St Andrews Pictures

Yo! For a tiny window of time, I’m assuming, Blogger is allowing me to upload pics before having its next breakdown, so here are a couple of images of the lost St Andrew’s Church we were discussing yesterday. We still know very little indeed about it – built in 1900 and demolished around 1986, a sad little unloved building that became redundant within a few years of its erection.
If I’m totally honest, looking at these pics, hand-on-heart, this isn’t a completely tragic loss. It looks fairly bog-standard – non-conformist, I’d guess – maybe United Reformed, though to be honest no one seems to know what denomination it was. It’s not great architecture, though it’s nice enough and certainly no blot. What is sad is that nothing seems to have replaced it.
What this does highlight for me though, is how easily history can be lost – even today, in the days of cheap cameras and easy publication. I don’t want to be rude, but these pics aren’t exactly of the highest quality – especially the snow one – but they are the best we seem to have (though there is a charming little pic and a tiny snippet of info here courtesy of Kirsty.)
Most of us have some kind of camera these days. IMHO it’s almost a duty to record what we have around us – from the extraordinary to the banal – for future generations. I recently spent some time at Greenwich Heritage Centre trying to find photographs of my road. Apart from one picture which had been wrongly labelled and was actually of a building two streets away, there was nothing. Not one single snapshot of a road that must have seen so much.
Get out this Bank Holiday weekend folks, and take a few snaps of your road. Not just the grand stuff; the little, ordinary things that make up the 21st Century. Future generations will thank you…
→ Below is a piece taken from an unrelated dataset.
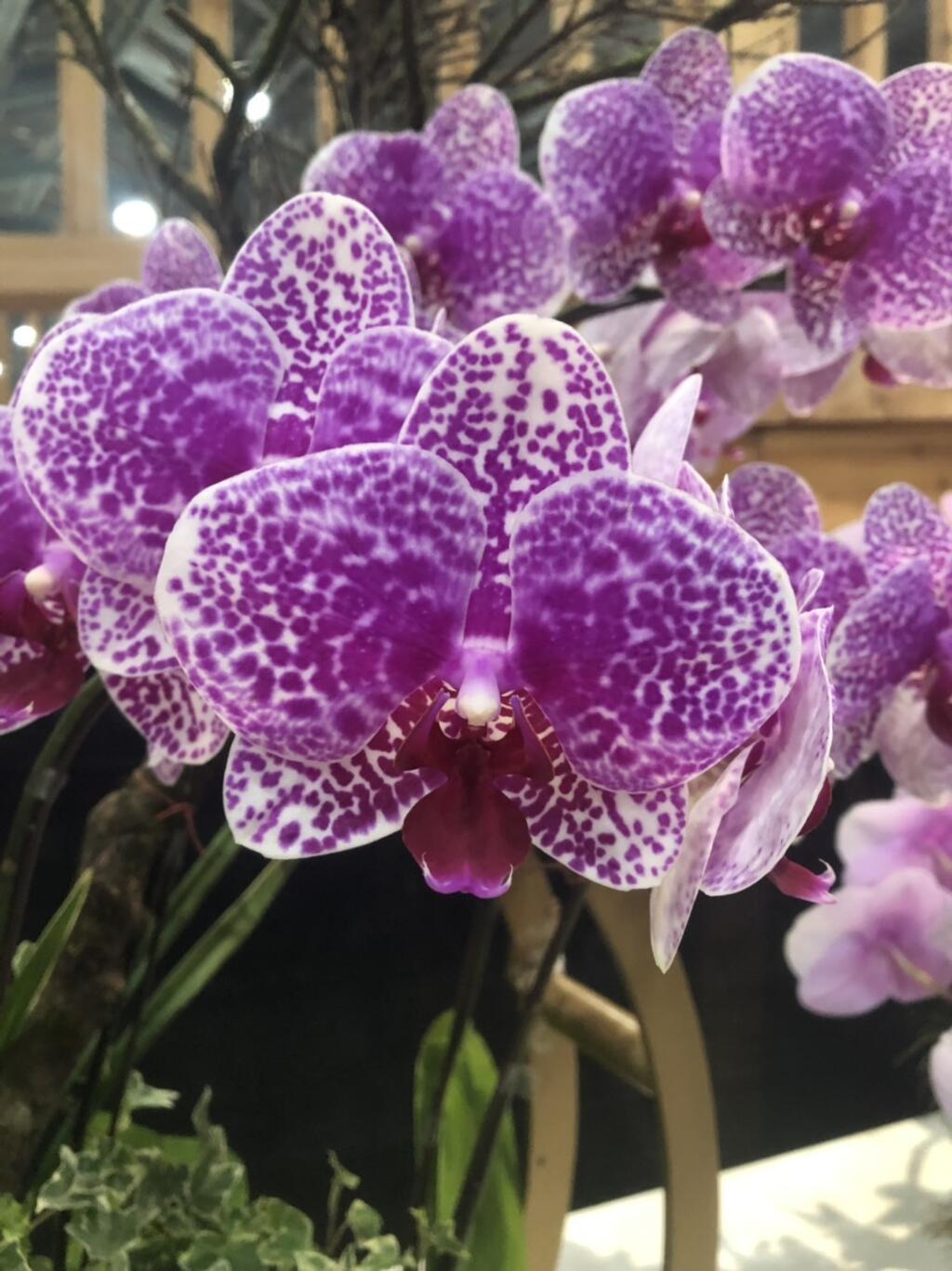 新春迎喜气 花博外埔园区蝴蝶兰特展走春好去处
2 Comments to “St Andrews Pictures”

  1. Otherwarwickaddick says:

    I met one of your commenters, Keith, recently at the Valley and he has introduced me to this thread. I lived in Boord Street, adjacent to the Church and can confirm that it was C of E and active up to the late fifties, at least. I was in the choir and youth club at the Church which at that time was rather high church with incense etc. It was combined with Christ Church in the late fifties and shared a vicar. Earlier in the fifties, it had its own vicar, a Father Corlish or similar who lived in Tunnel Avenue. There was also a Church Hall adjacent where the local youth club met.

  2. otherwarwickaddick says:

    I felt that I needed to add to my earlier post to record that during WWII the crypt of this church was used a public air raid shelter. Of course many people used their home Anderson shelters instead. I must point out that my mother told me this – I’m not quite that old!